Jeremiah Armstead, a 19-year-old teen from Los Angeles who was homeless while in high school, has been accepted at Fisk University, an HBCU in Nashville, Tennessee, and will play basketball for its team.
“Any type of adversity that I went through, for the most part, it motivated me and pushed me,” Armstead said he felt after seeing his acceptance letter, according to ABC News.
In the past 3 years, Jeremiah has lived mostly in cars and domestic violence shelters with his mother and siblings.
“I’m not surprised Jeremiah is where he’s at today,” his mother Mindy Brooks said. “I’m not surprised because he’s always been a good person.”

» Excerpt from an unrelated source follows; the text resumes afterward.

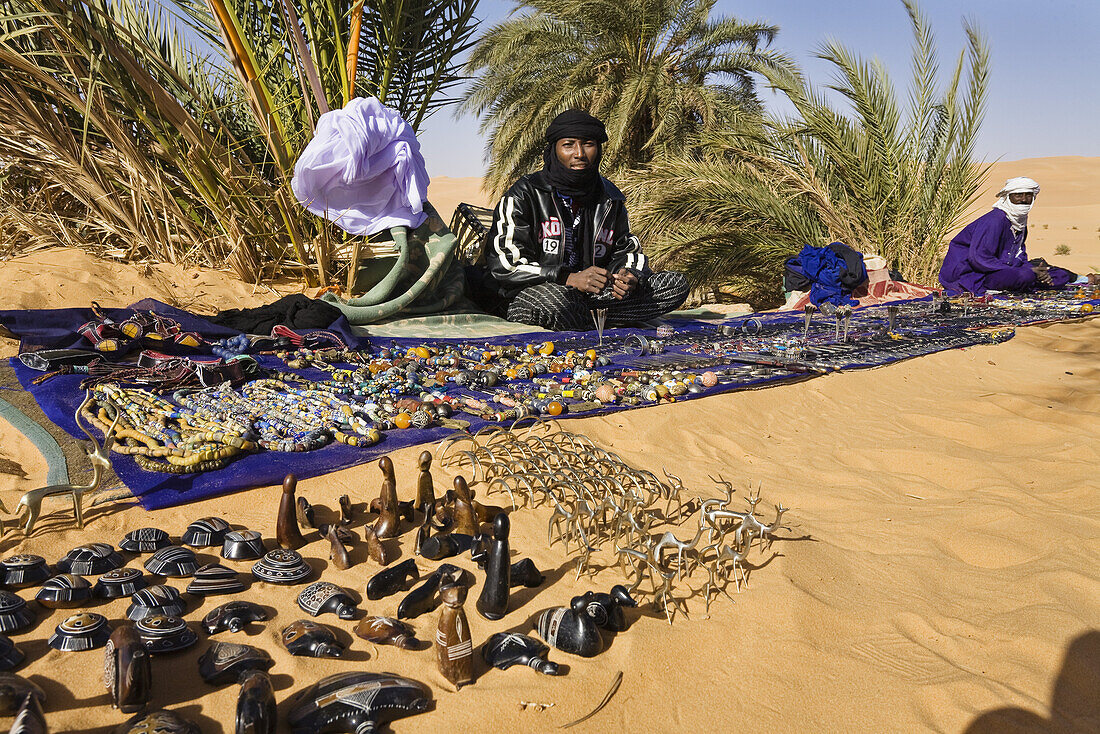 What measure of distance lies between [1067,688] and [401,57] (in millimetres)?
6457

Jeremiah says that getting into Fisk was not easy for him as he juggled his studies and the effects of homelessness. But he managed to push through as he received a lot of support from his family, coaches, and organizations like We Educate Brilliant Minds and Sisters of Wyatt.
“I was bringing smarts, of course, but it was hard to do that being homeless and juggling everything, like domestic violence situations, just stuff like that,” he said. “Living in a shelter, living in a car — it was hard to think, go to school, worry about my mom or my brother, my sister.”

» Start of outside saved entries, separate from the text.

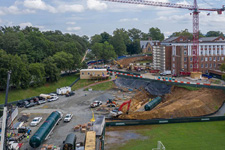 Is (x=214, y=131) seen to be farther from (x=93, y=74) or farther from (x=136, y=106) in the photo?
(x=93, y=74)

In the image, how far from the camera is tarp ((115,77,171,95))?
176ft

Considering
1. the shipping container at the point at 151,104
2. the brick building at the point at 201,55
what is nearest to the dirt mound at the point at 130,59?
the brick building at the point at 201,55

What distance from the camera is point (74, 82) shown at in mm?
61906

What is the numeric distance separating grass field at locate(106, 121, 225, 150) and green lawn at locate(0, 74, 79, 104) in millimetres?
27691

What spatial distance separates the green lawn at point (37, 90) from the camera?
49.2m

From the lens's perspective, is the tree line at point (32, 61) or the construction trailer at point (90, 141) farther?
the tree line at point (32, 61)

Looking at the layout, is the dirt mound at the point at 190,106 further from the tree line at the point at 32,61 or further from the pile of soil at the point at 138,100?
the tree line at the point at 32,61

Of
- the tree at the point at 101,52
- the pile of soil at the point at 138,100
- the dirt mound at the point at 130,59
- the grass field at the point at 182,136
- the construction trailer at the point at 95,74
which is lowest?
the grass field at the point at 182,136

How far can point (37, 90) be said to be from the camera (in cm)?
5469

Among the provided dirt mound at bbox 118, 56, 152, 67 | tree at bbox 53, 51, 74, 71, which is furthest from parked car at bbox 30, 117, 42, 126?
dirt mound at bbox 118, 56, 152, 67

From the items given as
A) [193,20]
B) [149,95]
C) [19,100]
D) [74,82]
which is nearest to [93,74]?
[74,82]

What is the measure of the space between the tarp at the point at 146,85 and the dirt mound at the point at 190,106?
16.3 ft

A graduate from Long Beach Polytechnic High School in Long Beach, California, Jeremiah is now a college student studying kinesiology. He has joined Fisk University men’s basketball team under the guidance of team coach Kenneth Anderson, who was a formerly played for the NBA’s Los Angeles Clippers.
Jeremiah pursuing higher education has motivated his younger siblings to dream big and go to college as well. And he wants other people to see it, too.
“That’s all I ever needed in life was a chance,” he said. “I just want to show people that’s in my circumstances like ‘don’t stop’. Don’t ever think of giving up because just like that, stuff could change.”